What you will do: Each line of data below is to be returned exactly, leaving out any picture.

Provided information:

++++

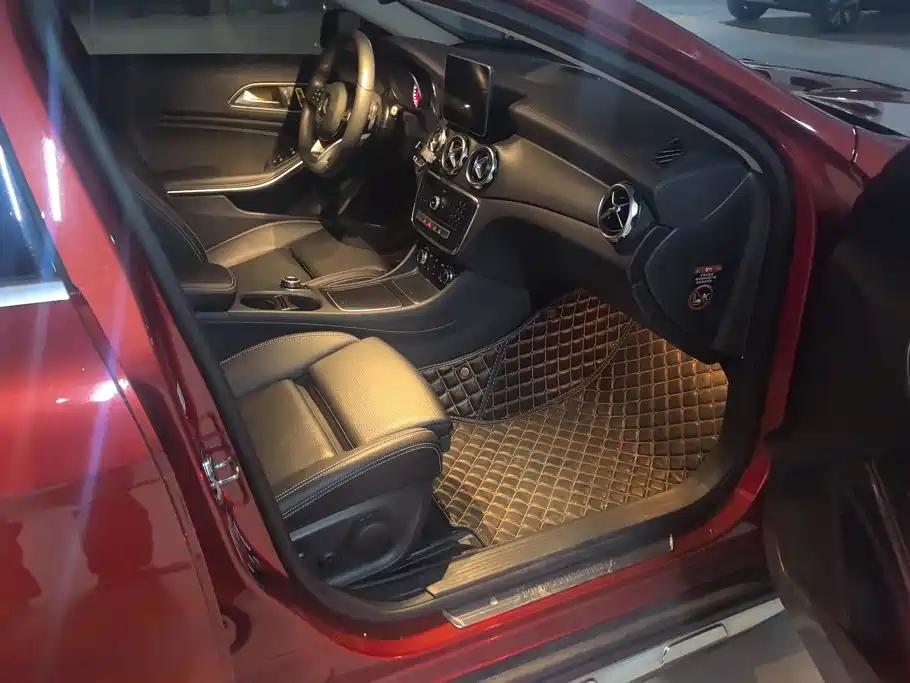 Mercedes-Benz GLA — миниатюра 8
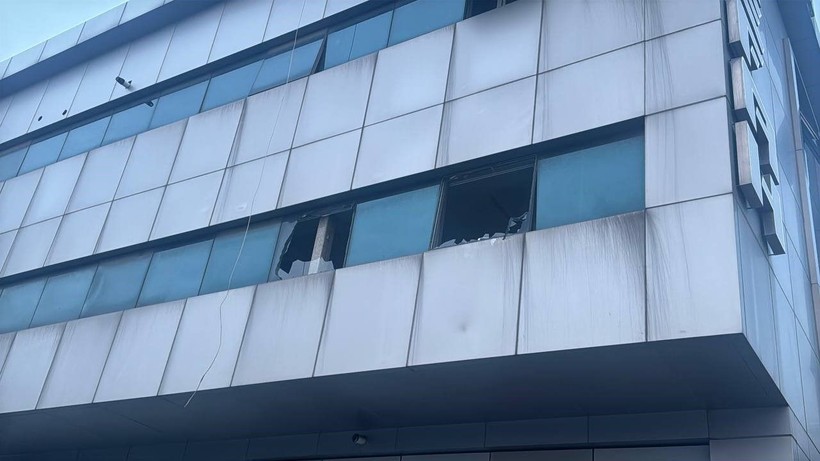 İstanbul’da oto galeriye EYP atıldı - Resim: 4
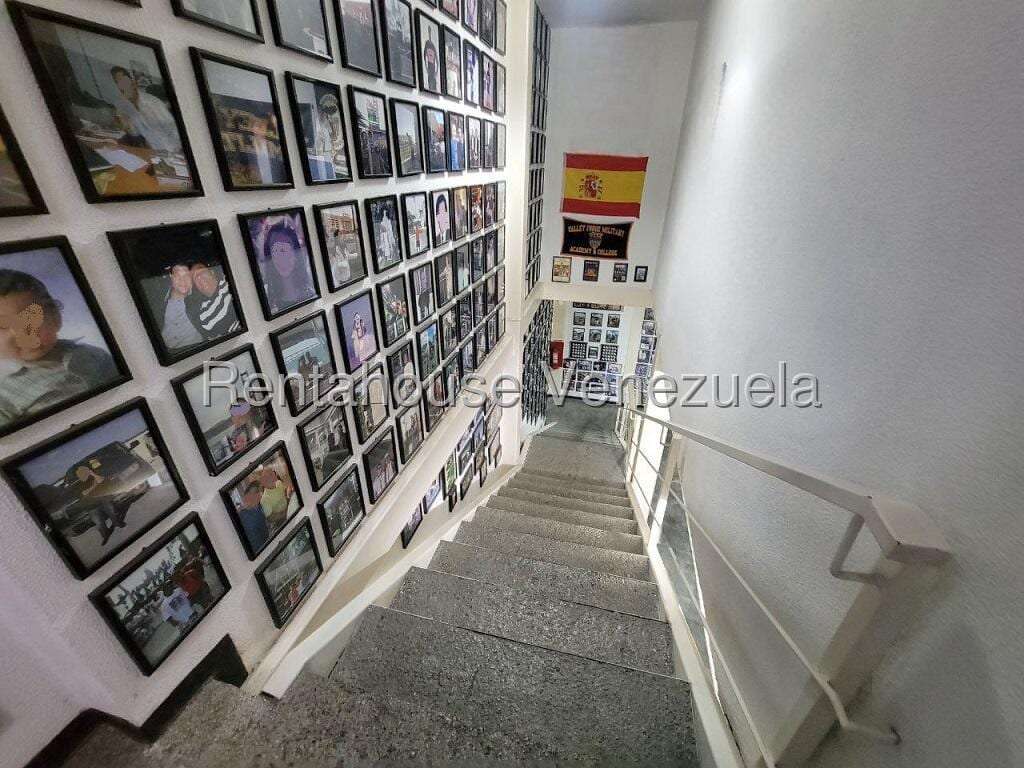 Edificio en Puente Hierro, Caracas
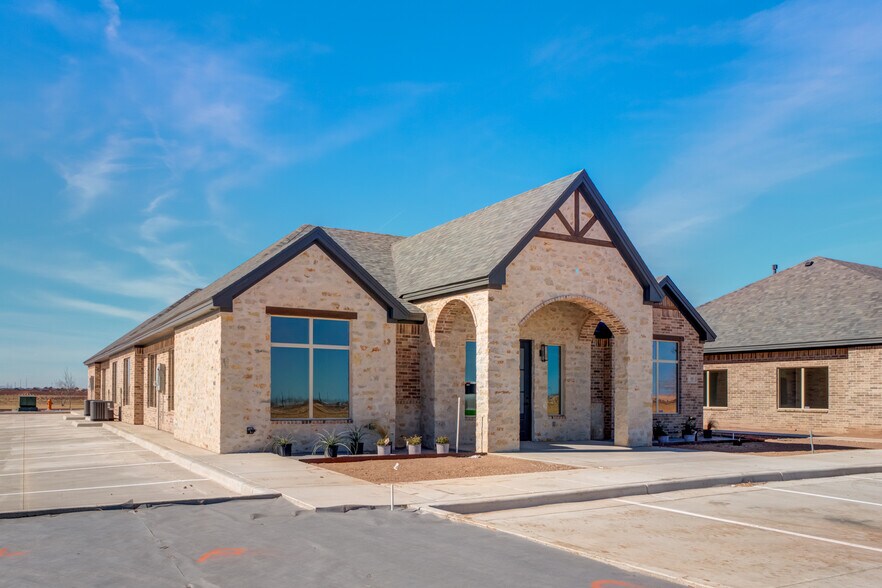 1418 N Slide Rd, Lubbock, TX à vendre - Photo du bâtiment - Image 3 de 24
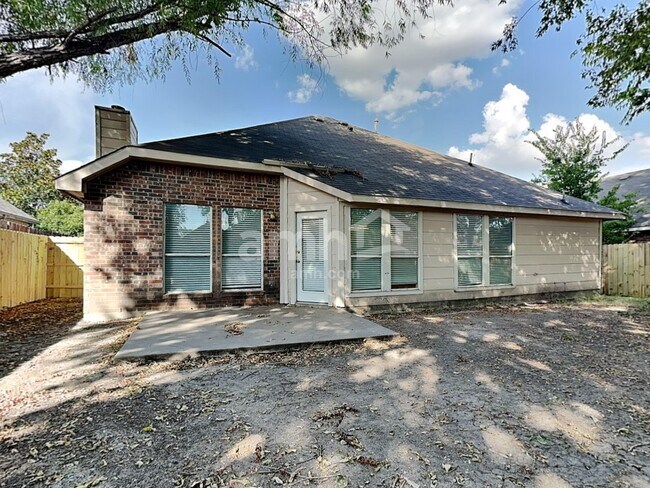 Building Photo - 219 Dartmouth Dr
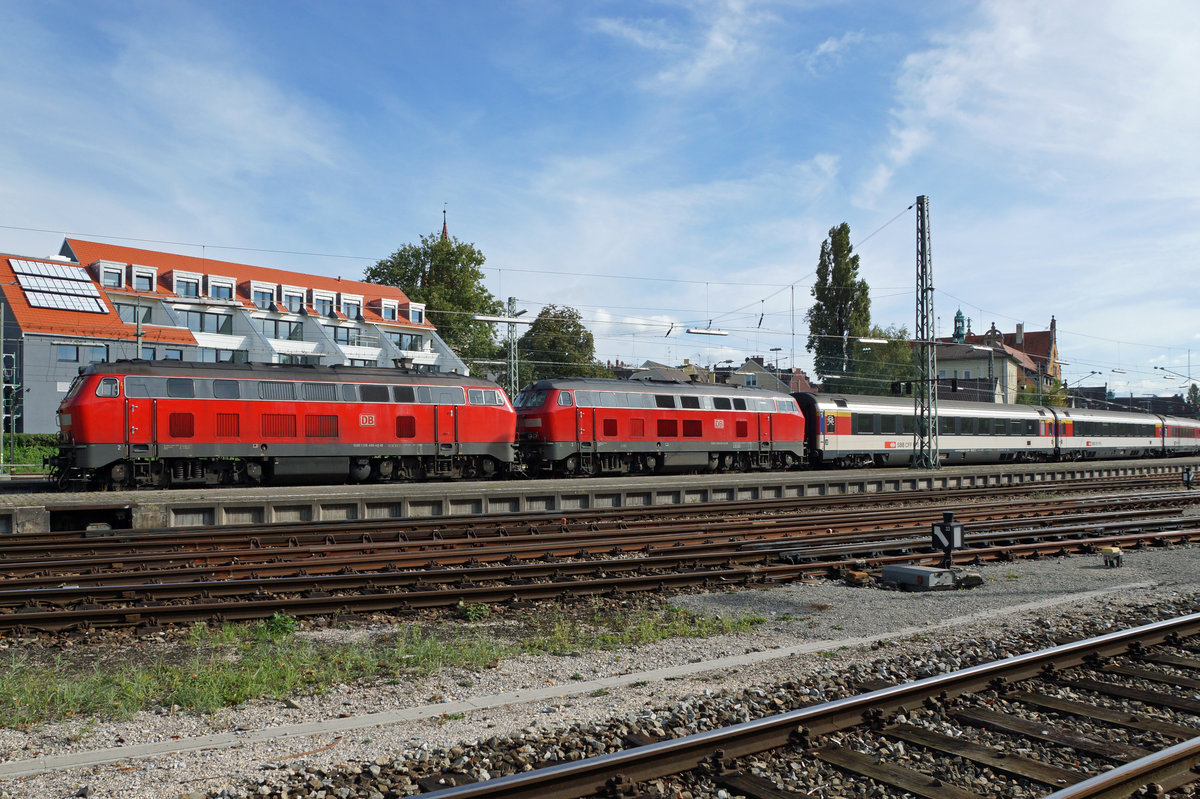 DB: Noch ist die BR 218 in Lindau in der Überzahl.

Diese gefälligen Loks sind trotz hohem Alter
noch gut im Schuss.
Der Geruch vom Diesel und das Brummen der Motoren
sind ein wahrer Genuss.

Impressionen von Lindau. (6. Oktober 2016)
Foto: Walter Ruetsch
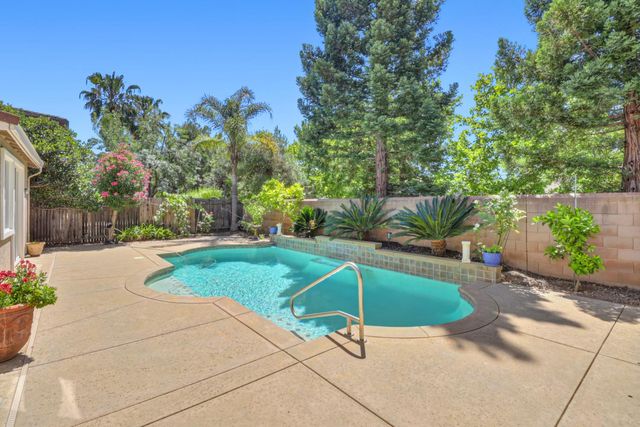 1820 Casterbridge Dr, Roseville, CA 95747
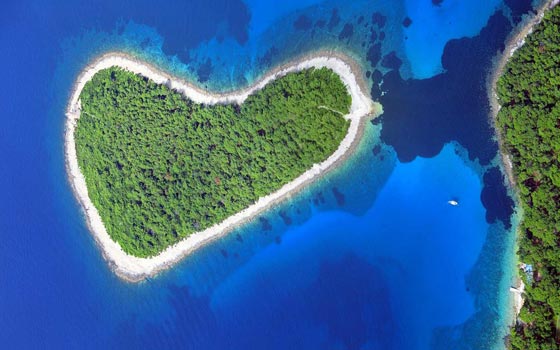 صور رائعة لأجمل المناظر الطبيعية  في العالم.. على شكل قلب صورة رقم 7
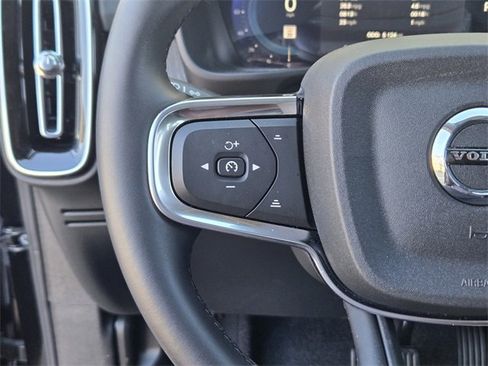 Used 2025 Volvo XC40 B5 Core image 30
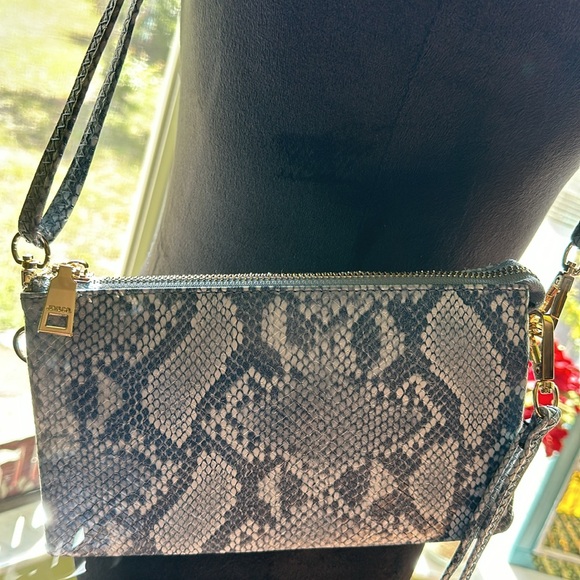 💖New listing! Blue snake skin print crossbody/ wristlet purse. - Picture 2 of 11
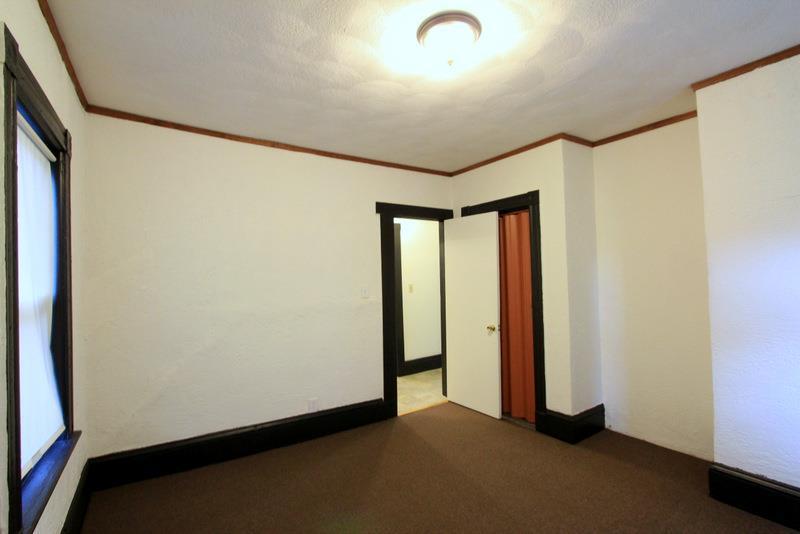 Building Photo - 53 Hinckley St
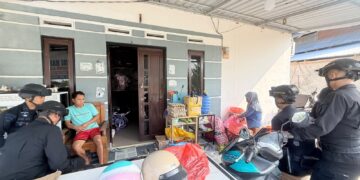 Patroli Humanis, Personel Batalyon D Pelopor Pererat Silaturahmi dengan Warga Kelurahan Salassa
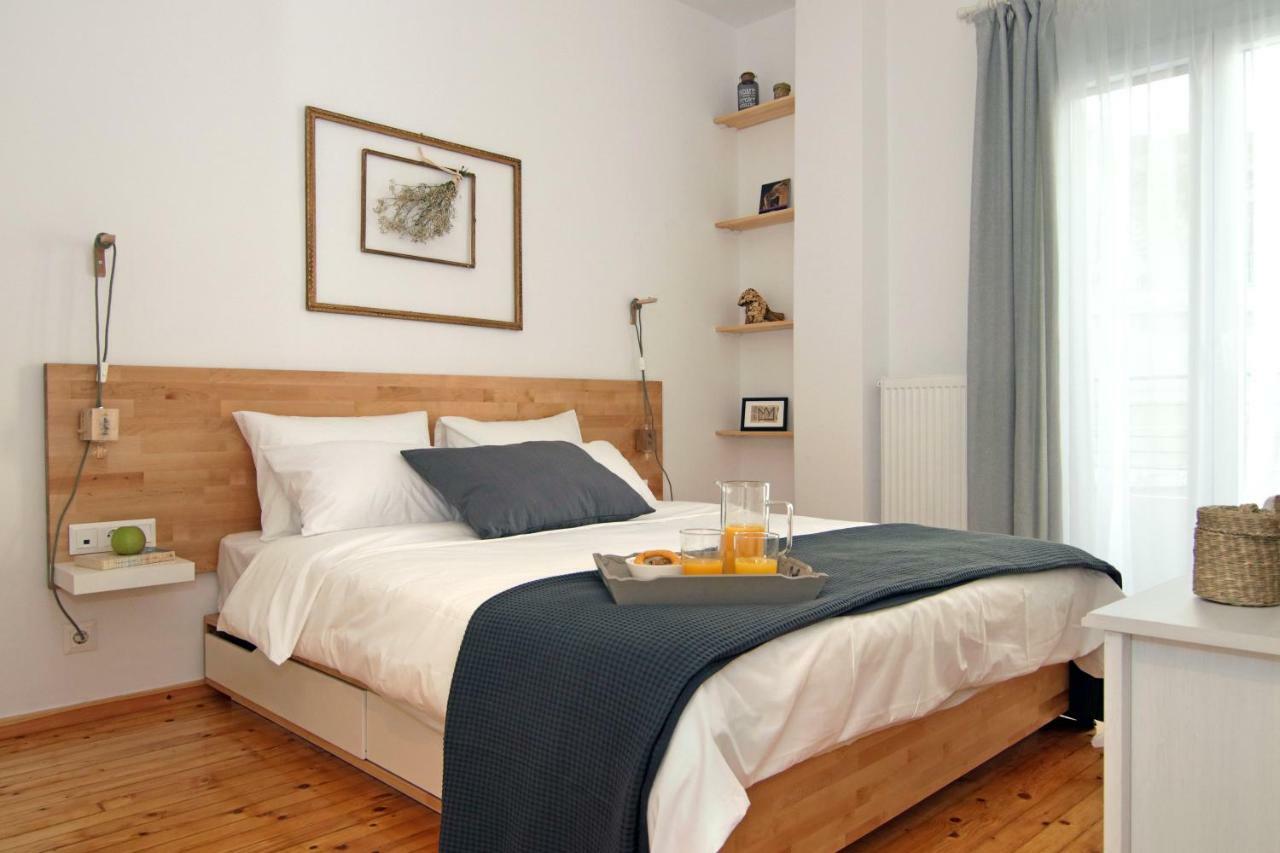 The 4 Travellers Thessaloniki Apartment Bagian luar foto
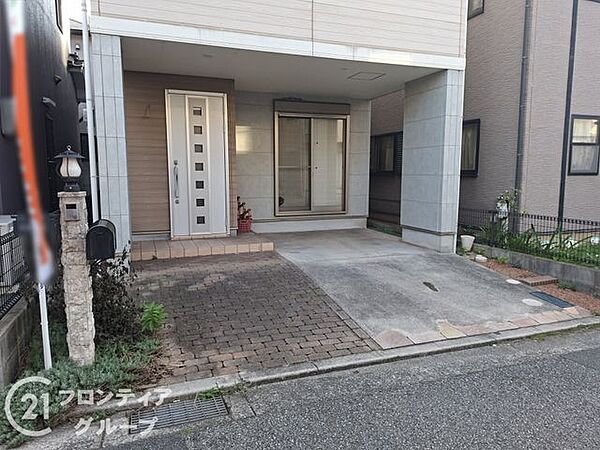 写真だけではわからない採光・広さ・周辺環境の実感は、実際に足を運んでみることが一番です。ご見学はいつでもご予約いただけます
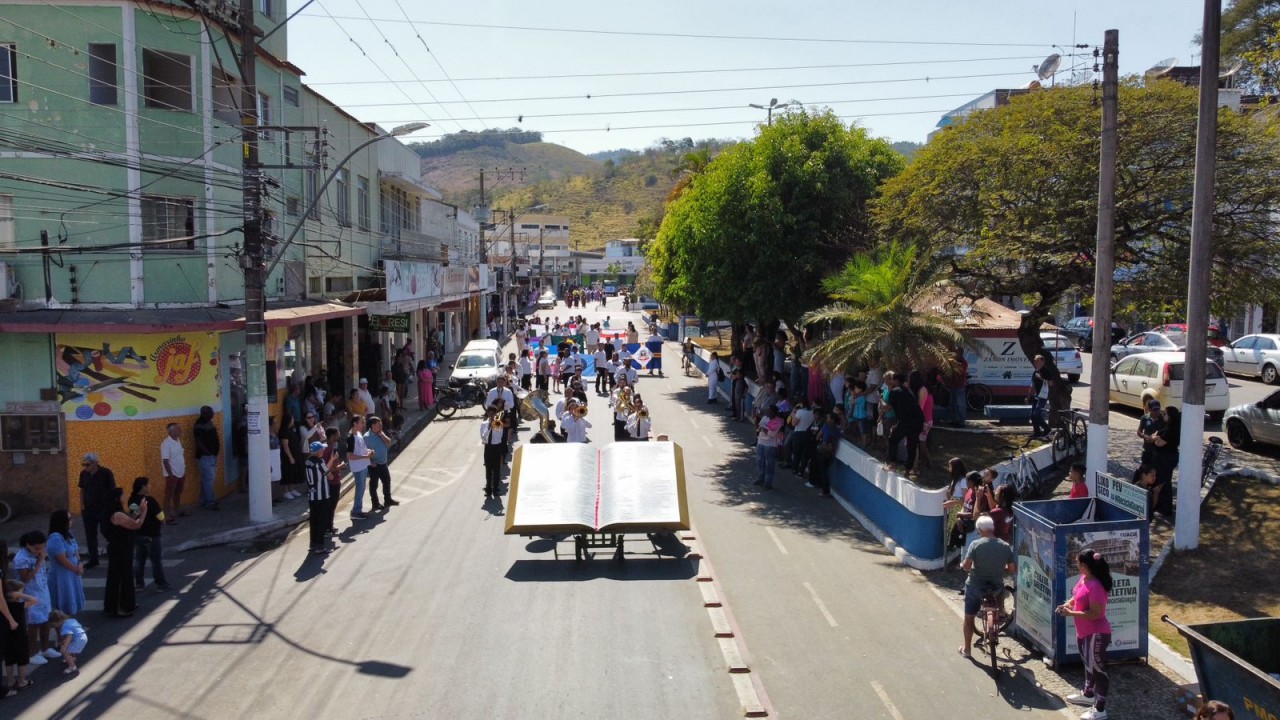 DIA DO EVANGÉLICO É COMEMORADO COM DESFILE TEMÁTICO EM GUAÇUÍ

++++

Solution to the exercise:
 Mercedes-Benz GLA — миниатюра 8
 İstanbul’da oto galeriye EYP atıldı - Resim: 4
 Edificio en Puente Hierro, Caracas
 1418 N Slide Rd, Lubbock, TX à vendre - Photo du bâtiment - Image 3 de 24
 Building Photo - 219 Dartmouth Dr
 DB: Noch ist die BR 218 in Lindau in der Überzahl.

Diese gefälligen Loks sind trotz hohem Alter
noch gut im Schuss.
Der Geruch vom Diesel und das Brummen der Motoren
sind ein wahrer Genuss.

Impressionen von Lindau. (6. Oktober 2016)
Foto: Walter Ruetsch
 1820 Casterbridge Dr, Roseville, CA 95747
 صور رائعة لأجمل المناظر الطبيعية  في العالم.. على شكل قلب صورة رقم 7
 Used 2025 Volvo XC40 B5 Core image 30
 💖New listing! Blue snake skin print crossbody/ wristlet purse. - Picture 2 of 11
 Building Photo - 53 Hinckley St
 Patroli Humanis, Personel Batalyon D Pelopor Pererat Silaturahmi dengan Warga Kelurahan Salassa
 The 4 Travellers Thessaloniki Apartment Bagian luar foto
 写真だけではわからない採光・広さ・周辺環境の実感は、実際に足を運んでみることが一番です。ご見学はいつでもご予約いただけます
 DIA DO EVANGÉLICO É COMEMORADO COM DESFILE TEMÁTICO EM GUAÇUÍ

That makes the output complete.